Short text fragments from websites:
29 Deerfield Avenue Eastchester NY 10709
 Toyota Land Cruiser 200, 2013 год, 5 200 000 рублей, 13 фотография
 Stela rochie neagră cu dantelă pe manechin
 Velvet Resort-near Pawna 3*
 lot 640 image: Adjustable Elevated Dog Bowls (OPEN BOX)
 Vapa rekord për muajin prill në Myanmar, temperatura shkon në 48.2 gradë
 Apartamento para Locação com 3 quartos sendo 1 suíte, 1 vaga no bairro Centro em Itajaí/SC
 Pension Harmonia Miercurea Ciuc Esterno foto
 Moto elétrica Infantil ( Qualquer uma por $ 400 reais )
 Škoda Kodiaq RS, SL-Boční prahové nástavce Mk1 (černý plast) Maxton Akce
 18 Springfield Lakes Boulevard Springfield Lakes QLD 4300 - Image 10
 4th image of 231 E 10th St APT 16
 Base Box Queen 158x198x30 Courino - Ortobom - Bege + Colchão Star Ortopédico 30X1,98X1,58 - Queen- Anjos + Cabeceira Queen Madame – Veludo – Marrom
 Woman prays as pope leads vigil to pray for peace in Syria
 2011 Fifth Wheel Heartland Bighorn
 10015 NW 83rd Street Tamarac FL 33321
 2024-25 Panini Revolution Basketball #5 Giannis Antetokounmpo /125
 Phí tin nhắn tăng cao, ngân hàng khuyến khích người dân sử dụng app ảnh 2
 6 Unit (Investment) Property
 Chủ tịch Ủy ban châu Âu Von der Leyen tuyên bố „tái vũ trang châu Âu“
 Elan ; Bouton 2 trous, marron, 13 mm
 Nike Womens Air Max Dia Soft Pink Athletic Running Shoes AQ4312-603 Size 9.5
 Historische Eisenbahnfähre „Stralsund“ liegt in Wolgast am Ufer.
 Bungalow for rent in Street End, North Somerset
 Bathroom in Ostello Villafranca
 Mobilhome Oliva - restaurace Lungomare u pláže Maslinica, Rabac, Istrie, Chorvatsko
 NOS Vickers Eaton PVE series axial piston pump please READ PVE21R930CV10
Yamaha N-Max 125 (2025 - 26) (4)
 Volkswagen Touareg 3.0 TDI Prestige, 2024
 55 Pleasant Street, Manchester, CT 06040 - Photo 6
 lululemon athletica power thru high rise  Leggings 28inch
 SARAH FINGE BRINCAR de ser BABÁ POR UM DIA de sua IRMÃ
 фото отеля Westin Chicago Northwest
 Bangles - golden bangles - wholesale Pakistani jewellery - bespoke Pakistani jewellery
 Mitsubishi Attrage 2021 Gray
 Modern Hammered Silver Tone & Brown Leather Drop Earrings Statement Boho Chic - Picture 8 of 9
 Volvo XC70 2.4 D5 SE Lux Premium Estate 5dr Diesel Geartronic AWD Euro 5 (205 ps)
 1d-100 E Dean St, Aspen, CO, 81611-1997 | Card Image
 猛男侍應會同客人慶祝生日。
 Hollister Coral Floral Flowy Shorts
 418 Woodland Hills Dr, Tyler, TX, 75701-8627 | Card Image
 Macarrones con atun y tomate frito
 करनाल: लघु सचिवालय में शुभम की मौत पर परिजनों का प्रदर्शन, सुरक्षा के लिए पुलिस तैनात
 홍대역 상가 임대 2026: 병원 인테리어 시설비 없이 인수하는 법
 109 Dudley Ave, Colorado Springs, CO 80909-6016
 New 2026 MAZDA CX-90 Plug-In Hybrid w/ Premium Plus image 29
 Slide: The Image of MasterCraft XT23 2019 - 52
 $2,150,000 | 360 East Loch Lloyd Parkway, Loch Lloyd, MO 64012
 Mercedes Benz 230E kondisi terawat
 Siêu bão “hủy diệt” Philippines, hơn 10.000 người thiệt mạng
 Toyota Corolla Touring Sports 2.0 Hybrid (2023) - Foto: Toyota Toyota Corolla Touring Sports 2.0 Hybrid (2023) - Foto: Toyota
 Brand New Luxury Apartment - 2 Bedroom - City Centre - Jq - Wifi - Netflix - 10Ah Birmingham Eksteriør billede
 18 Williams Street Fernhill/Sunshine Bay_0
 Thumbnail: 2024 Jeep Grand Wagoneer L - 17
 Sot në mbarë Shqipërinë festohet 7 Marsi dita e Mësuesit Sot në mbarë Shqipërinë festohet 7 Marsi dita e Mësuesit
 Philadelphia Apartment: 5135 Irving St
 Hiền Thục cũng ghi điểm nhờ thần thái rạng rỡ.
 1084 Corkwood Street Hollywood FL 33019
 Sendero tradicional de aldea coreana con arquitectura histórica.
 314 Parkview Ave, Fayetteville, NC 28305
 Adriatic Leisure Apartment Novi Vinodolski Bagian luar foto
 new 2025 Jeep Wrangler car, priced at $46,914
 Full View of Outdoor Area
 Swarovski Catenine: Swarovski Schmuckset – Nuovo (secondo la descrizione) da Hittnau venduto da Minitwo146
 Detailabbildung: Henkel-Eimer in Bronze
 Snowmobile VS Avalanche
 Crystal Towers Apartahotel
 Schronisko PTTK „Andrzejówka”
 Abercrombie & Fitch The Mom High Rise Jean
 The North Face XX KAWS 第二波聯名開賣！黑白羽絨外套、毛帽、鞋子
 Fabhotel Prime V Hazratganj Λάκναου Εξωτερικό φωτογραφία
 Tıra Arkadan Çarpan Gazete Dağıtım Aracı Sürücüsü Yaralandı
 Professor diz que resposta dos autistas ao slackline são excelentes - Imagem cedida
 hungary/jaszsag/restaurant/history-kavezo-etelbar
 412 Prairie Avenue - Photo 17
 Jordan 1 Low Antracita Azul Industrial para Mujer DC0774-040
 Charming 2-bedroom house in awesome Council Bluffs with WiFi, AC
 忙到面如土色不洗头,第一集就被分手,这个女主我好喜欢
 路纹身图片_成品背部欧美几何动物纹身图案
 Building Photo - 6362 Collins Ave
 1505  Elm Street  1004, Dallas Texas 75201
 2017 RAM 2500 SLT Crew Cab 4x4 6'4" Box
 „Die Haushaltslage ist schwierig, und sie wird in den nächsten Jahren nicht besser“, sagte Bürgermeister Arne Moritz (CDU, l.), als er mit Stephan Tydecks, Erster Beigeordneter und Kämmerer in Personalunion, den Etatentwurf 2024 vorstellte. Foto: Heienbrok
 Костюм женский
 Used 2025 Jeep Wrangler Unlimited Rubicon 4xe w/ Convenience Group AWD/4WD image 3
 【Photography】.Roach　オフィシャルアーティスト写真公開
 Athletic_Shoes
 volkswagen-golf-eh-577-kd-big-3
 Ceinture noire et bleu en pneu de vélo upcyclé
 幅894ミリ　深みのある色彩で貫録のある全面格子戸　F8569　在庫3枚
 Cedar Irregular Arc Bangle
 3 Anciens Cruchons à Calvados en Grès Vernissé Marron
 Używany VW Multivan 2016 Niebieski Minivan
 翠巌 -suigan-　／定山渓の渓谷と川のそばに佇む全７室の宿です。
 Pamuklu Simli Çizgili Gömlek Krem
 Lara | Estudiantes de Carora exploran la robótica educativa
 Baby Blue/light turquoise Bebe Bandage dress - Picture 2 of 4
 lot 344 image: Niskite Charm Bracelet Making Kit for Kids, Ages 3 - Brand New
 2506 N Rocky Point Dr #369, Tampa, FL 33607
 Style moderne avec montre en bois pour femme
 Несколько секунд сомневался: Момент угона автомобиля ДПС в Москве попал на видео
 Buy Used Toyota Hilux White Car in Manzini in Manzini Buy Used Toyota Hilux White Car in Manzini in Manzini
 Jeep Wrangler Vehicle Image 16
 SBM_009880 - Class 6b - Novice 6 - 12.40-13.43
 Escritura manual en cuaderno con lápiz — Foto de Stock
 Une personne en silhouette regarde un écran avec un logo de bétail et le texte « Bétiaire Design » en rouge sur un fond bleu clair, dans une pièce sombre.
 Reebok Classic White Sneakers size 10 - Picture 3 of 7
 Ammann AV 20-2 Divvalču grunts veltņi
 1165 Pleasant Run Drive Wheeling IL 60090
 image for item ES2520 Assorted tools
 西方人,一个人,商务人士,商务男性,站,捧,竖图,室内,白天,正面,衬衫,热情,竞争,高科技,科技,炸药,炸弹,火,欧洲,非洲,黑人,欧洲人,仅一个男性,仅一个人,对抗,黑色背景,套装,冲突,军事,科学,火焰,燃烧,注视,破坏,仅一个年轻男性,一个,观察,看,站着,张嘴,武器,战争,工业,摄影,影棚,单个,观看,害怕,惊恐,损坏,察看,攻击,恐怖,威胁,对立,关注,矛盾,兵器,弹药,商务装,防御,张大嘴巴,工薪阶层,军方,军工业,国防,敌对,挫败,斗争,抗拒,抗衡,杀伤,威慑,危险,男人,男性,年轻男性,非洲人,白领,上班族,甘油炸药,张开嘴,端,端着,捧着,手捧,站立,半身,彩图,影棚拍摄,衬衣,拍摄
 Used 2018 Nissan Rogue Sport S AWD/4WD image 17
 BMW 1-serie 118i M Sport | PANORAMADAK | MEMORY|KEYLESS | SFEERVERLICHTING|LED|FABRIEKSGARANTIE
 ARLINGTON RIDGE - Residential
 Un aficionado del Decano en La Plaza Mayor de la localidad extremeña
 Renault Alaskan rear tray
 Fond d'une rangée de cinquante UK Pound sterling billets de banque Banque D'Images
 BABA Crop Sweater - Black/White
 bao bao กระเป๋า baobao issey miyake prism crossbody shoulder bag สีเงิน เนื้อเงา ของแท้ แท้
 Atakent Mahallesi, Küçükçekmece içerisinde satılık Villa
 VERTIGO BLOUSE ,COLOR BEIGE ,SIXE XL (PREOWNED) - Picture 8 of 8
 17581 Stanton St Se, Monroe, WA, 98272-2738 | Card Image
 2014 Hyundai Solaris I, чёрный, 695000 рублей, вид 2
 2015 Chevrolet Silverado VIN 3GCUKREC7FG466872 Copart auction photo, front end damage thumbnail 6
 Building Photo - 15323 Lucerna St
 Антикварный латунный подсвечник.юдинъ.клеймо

Goal of the exercise: What is the count of lines in the data above containing the string "Toyota"? Write the number and nothing else.

Your solution: 3